Any announcement of new material by Long Island DIY punk legends Iron Chic was likely to be greeted by two things; great excitement and great trepidation. Whilst the band have consistently over delivered it’s only added to increase expectations. Coupled with the departure and subsequent passing of founding guitarist Rob McAllister, it's fair to say the process of getting a new record out has not been straight forward... however if one band can deal with such turmoil it's one whose only thing bigger than their choruses is their hearts. In typical fashion they have poured everything into "You Can’t Stay Here", which exorcises many demons and signals a triumphant return in their typical explosive fashion!
Everything you would expect to hear from Iron Chic is present; the album is loaded with gang vocals, 8-bit sound effects, pop culture references and scientific theory song-titles. In fact despite the 4 years since "The Constant One", Iron Chic have firmly retained the formula that has served them so well previously. The changes more subtle than full-on revolution; tweaks to the sound as opposed to any major departures. Whilst in some places that may seem like a bad thing, Iron Chic 2017 sounding like Iron Chic 2008 is certainly not.
The opening salvo of “A Headache with Pictures” and “My Best Friend (is a Nihilist)” set the tone for the album perfectly. Sure it’s familiar territory for anyone with a passing interest in the band; lots of “Whoa-Whoa’s”; static background noise and massive gang-vocal choruses. But there is also a more subdued, reflective tone to Jason Lubrano’s lyrics; at times the feelings of defeat and helplessness permeate through the upbeat music to lay bare the emotion of the band; it’s almost as if the music is a mask they hide their angst behind. Certainly this creates a feeling that it’s a more personal collection than some of their previous efforts and given the challenges faced over recent years it’s no surprise to see it rears its head in such a way.
The title track “You Can’t Stay Here” closes the opening quarter with a claustrophobic dense emotional song driven by a repeated refrain of the title over and over. There is a guilt and hopelessness around the song. It feels isolated and dark compared too many of the other songs on the album. In fact this approach of “up-beat” songs closed by a more reflective one provides much of the structure of the album with “Golgotha” and “Ruinous Calamity”, providing the other markers with which the album is punctuated. This approach helps create an emotional flow to the album and feels deliberate; almost as if it’s a representation of the cycles of grief and emotional turmoil the band have faced over recent times. What aids this in succeeding is the quality of these slower songs, think “Bustin’ Makes Me Feel Good” or “A Serious House...”. The inclusion of three such songs is probably the best reflection of the subtle development they have undertaken.
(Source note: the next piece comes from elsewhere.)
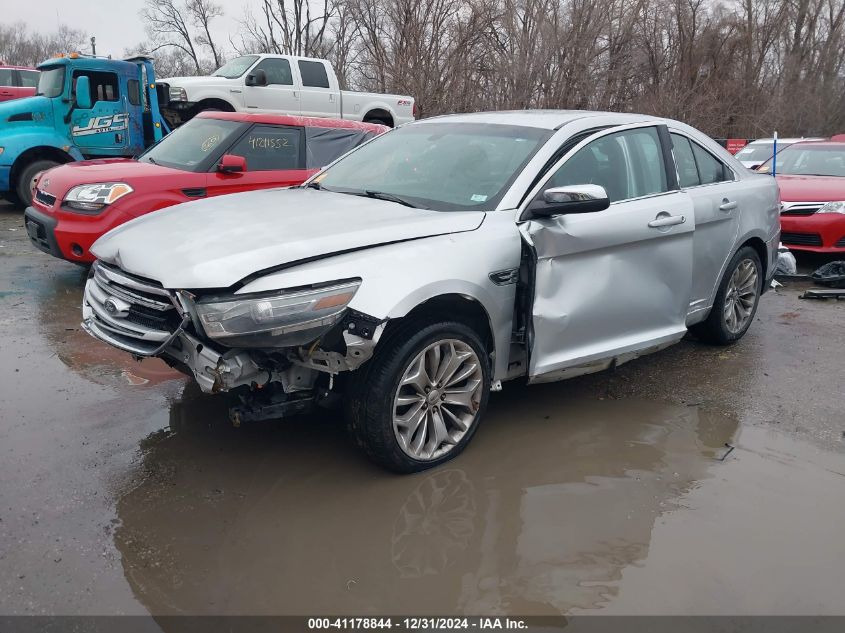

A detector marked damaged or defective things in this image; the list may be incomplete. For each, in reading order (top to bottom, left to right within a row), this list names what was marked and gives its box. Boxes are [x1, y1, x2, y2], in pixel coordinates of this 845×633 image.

damaged front end [81, 262, 384, 424]
dented rear door [520, 123, 692, 380]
It helps with the narrative and as a result creates a more nuanced balance to the album as opposed it feeling very one paced and one dimensional. Of the three, “Golgotha” is probably the strongest – starting very subtlety, almost lullaby-esque before building defiantly to a rousing, layered conclusion, dragged along by Gordon Lafler’s drumming.
Notable for their ability to create huge sing-a-long anthems, there is plenty for a casual listener to pick up here as an introduction to the band. “Profane Geometry” is typical of the band’s sound; feeling immediately familiar, where as “Invisible Ink” has the kind of Iron Chic lyrics that made Facebook page Pictures of “Cats with Iron Chic lyrics” so popular; “spent the night face down on the floor, gasping for air, until we can’t anymore” should be easy for a feline fan to knock something amusing together for the page!
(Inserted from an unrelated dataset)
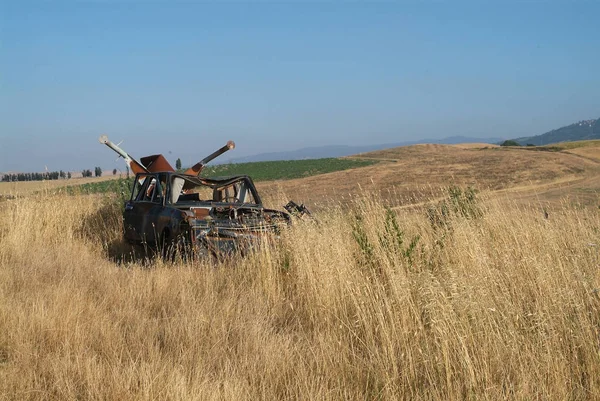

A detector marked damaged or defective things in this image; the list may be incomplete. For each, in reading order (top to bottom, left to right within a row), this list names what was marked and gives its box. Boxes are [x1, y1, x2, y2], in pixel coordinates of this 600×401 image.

burned out vehicle [99, 136, 310, 255]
Despite all of these aforementioned songs being excellent, Iron Chic even manage to commit three truly stunning tracks to the album – “Let’s.Get.Dangerous”, “Planes, Chest Pains and Automobiles” and “To Shreds, You Say?”. All three are near perfect; insanely catchy, these are the kind of ear worms bands dream of writing and I dare say the ones long-time fans will be clamouring to hear played live, sung along with full voices and half empty beers. Closing track “To Sheds, You Say?” is the perfect culmination of the emotional rollercoaster of the album. If the journey to it takes in the range of human emotion, it’s the acceptance and defiance of moving forward. “It’s been a long hard year, it started hard but ends in tears... Are you done with me...” sums up everything the band have articulated through the previous 10 songs. It’s certainly the most raw and angry track but brings with it its own optimism; when Lubrano sings about holding on to the memories of the best years of your life, it’s so heartfelt and sincere you can’t help but be stirred by it!
Overall “You Can’t Stay Here” is a monumental triumph. If both previous albums built a loyal almost rabid fan base, this deserves to take them to a much wider audience. In most cases I’m assuming anyone reading this will most likely already have the album; if not immediately get hold of a copy; lock yourself away for the afternoon and get lost in the finest 30 minutes of music you’ll hear in a long time!